No. 2 – Tennessee Titans
- Position: Running back
- Roster status: Active

Personal information
- Born: June 15, 2001 (age 25) Hammond, Louisiana, U.S.
- Listed height: 5 ft 11 in (1.80 m)
- Listed weight: 200 lb (91 kg)

Career information
- High school: Ponchatoula (Ponchatoula, Louisiana)
- College: Tulane (2019–2022)
- NFL draft: 2023 (3rd round, 81st overall pick)

Career history
- Tennessee Titans (2023–present);

Awards and highlights
- AAC Offensive Player of the Year (2022); First-team All-AAC (2022);

Career NFL statistics as of 2025
- Rushing yards: 1,048
- Rushing average: 4.1
- Rushing touchdowns: 8
- Receptions: 127
- Receiving yards: 873
- Receiving touchdowns: 2
- Stats at Pro Football Reference

= Tyjae Spears =

American football player (born 2001)

Tyjae Armon Spears (born June 15, 2001) is an American professional football running back for the Tennessee Titans of the National Football League (NFL). He played college football for the Tulane Green Wave.

==Early life==
Spears grew up in Ponchatoula, Louisiana, and attended Ponchatoula High School. As a senior, he rushed for 920 yards and had 880 receiving yards with 18 total touchdowns.

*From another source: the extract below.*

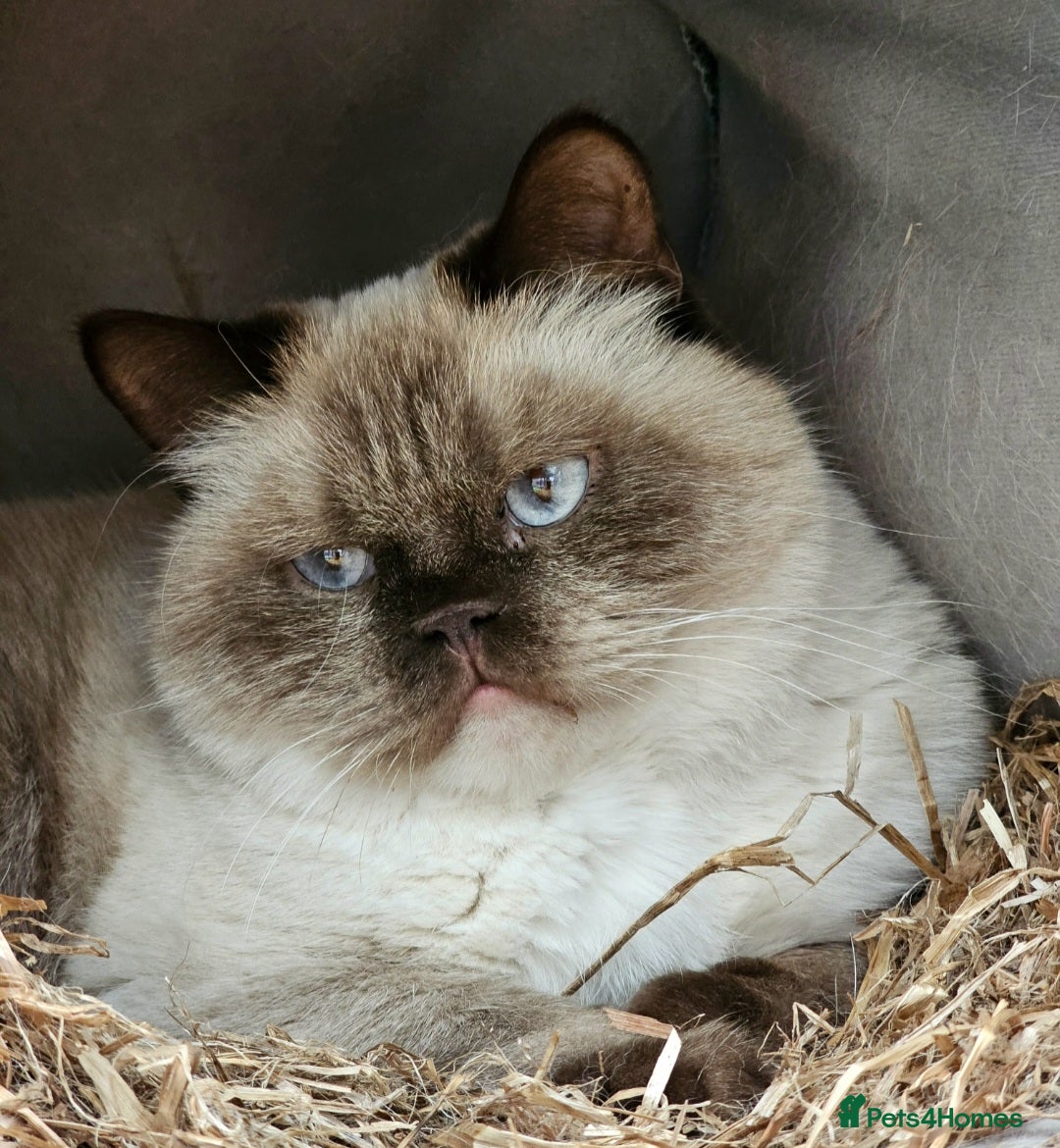 British Shorthair cats for sale: Lovely BSH Chocolate Colourpoint girl - Image 1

Spears was rated a three-star recruit and committed to play college football at Tulane University after considering an offer from Kansas State.

==College career==
Spears rushed for 192 yards and one touchdown and caught five passes for 133 yards and one touchdown in four games during his freshman season at Tulane. He began his sophomore season as the Green Wave's starting running back and rushed 37 times for 274 yards and two touchdowns before suffering a season-ending injury in Week 3 and using a medical redshirt. As a redshirt sophomore, Spears gained 863 yards and scored nine touchdowns on 129 carries. He was named the American Athletic Conference Offensive Player of the Year as a redshirt junior. He was ranked the 6th best college football player nationwide among the "100 Best Players of the College Football Bowl Season 2022–2023" by College Football News.

==Professional career==

Spears was selected by the Tennessee Titans in the third round, 81st overall, of the 2023 NFL draft. He shared a backfield that had Derrick Henry as the primary running back. In Week 5, against the Indianapolis Colts, he scored his first professional touchdown on a 19-yard rush. He finished his rookie season with 453 rushing yards and two touchdowns along with 52 catches for 385 yards and one touchdown.

Spears returned for the 2024 season, now sharing the backfield with newly signed Tony Pollard after Henry's departure. He was the only Titans player that season to record two touchdowns in two consecutive games during Week 15 and Week 16. He appeared in 12 games, missing parts of the season due to injury. He finished the season with 84 carries for 312 rushing yards and four rushing touchdowns, along with 30 receptions for 224 yards and a receiving touchdown.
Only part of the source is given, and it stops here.